───── SOURCE DATA
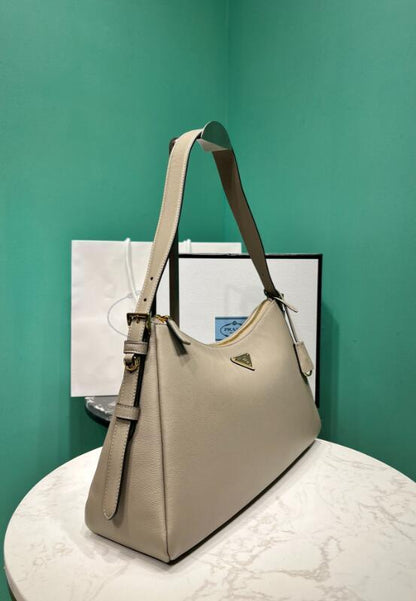 Anum Bags Bags

 - PD Bags - 035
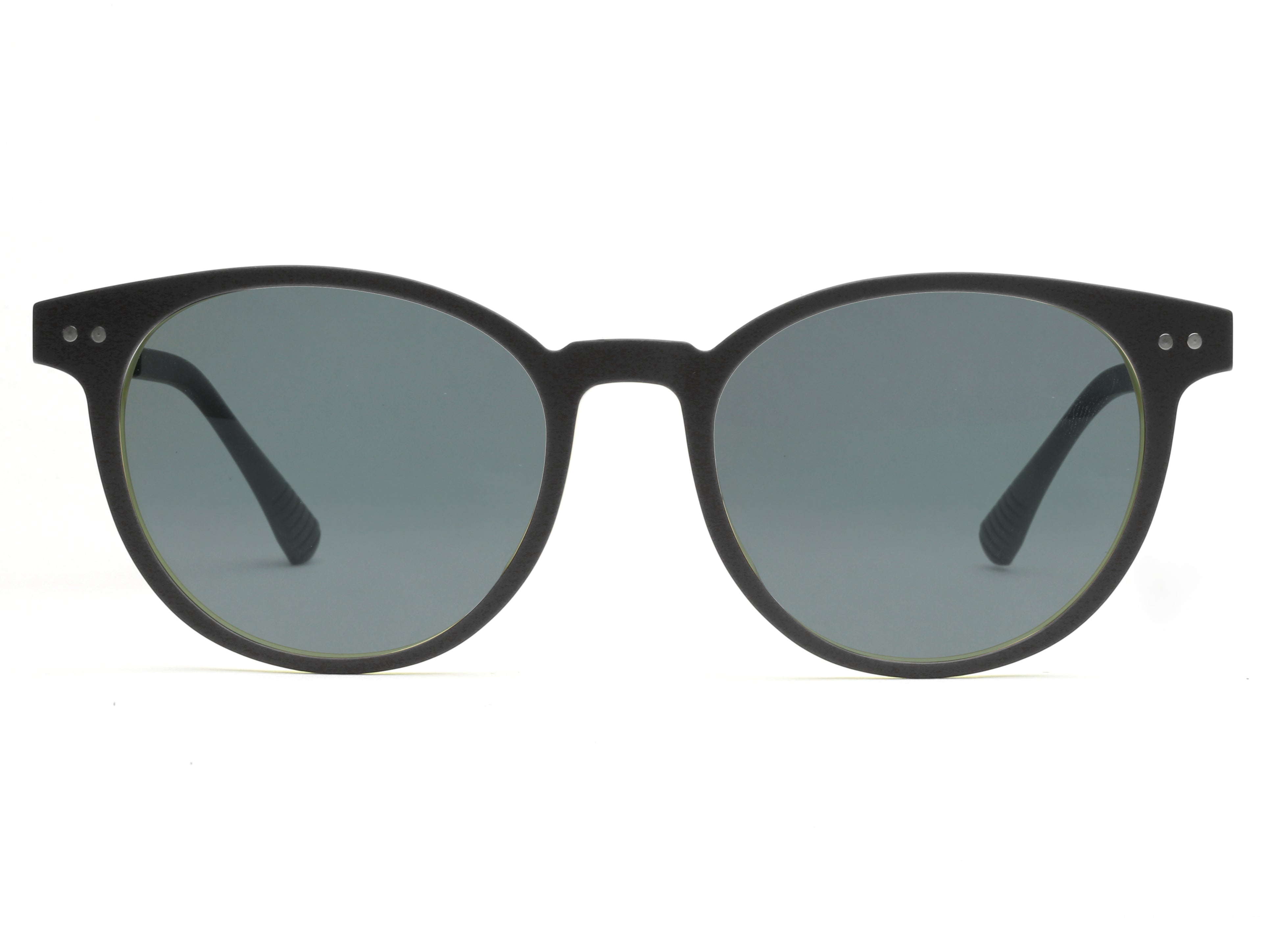 Photochromic sunglasses lens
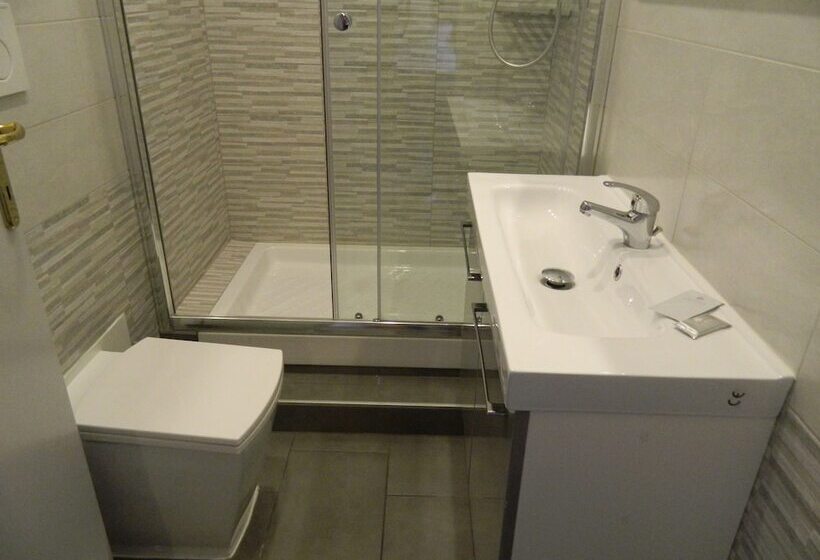 اتاق استاندارد با سرویس بهداشتی مشترک, Ciao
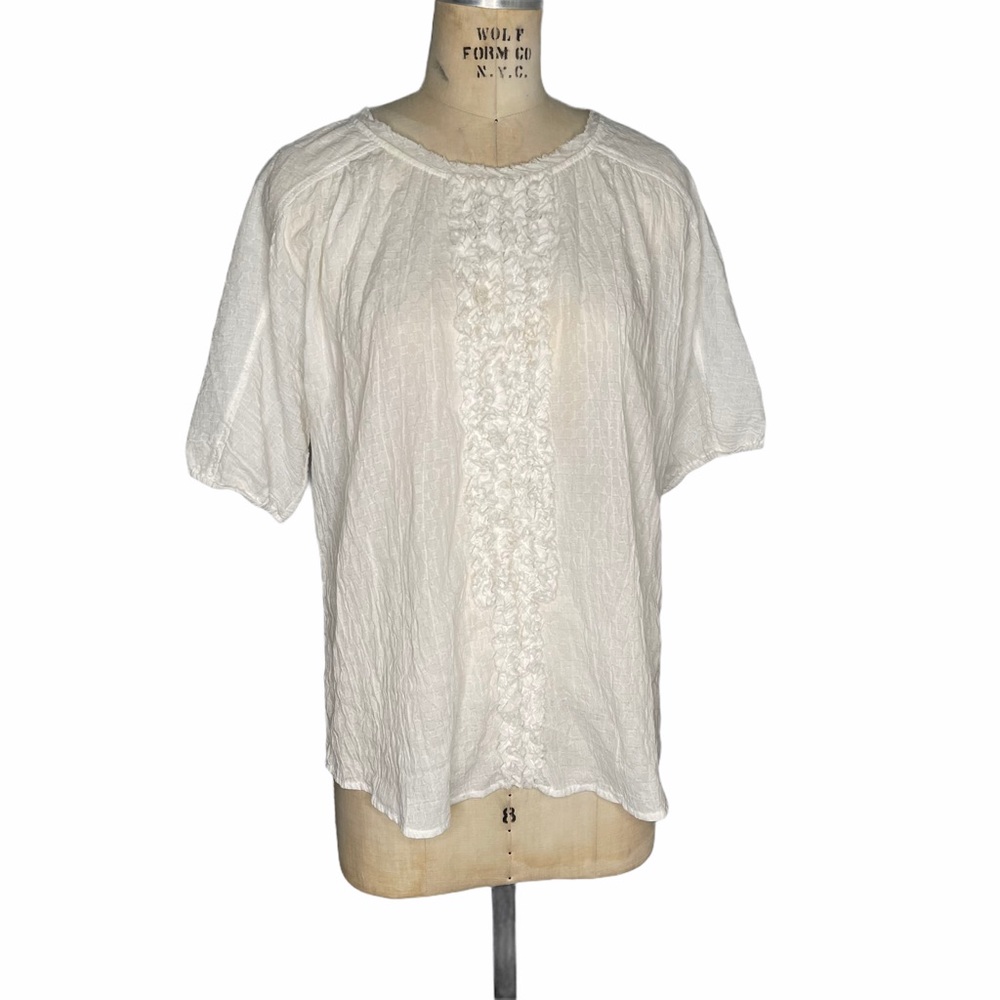 Sundance white ruffle front short sleeve blouse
──────────
• **WORK ITEM**
Repeat exactly and only the lines from the one holding "اتاق استاندارد با سرویس بهداشتی مشترک, Ciao" through the final line of the entries; no pictures.

• **RESPONSE TO THIS EXERCISE**
 اتاق استاندارد با سرویس بهداشتی مشترک, Ciao
 Sundance white ruffle front short sleeve blouse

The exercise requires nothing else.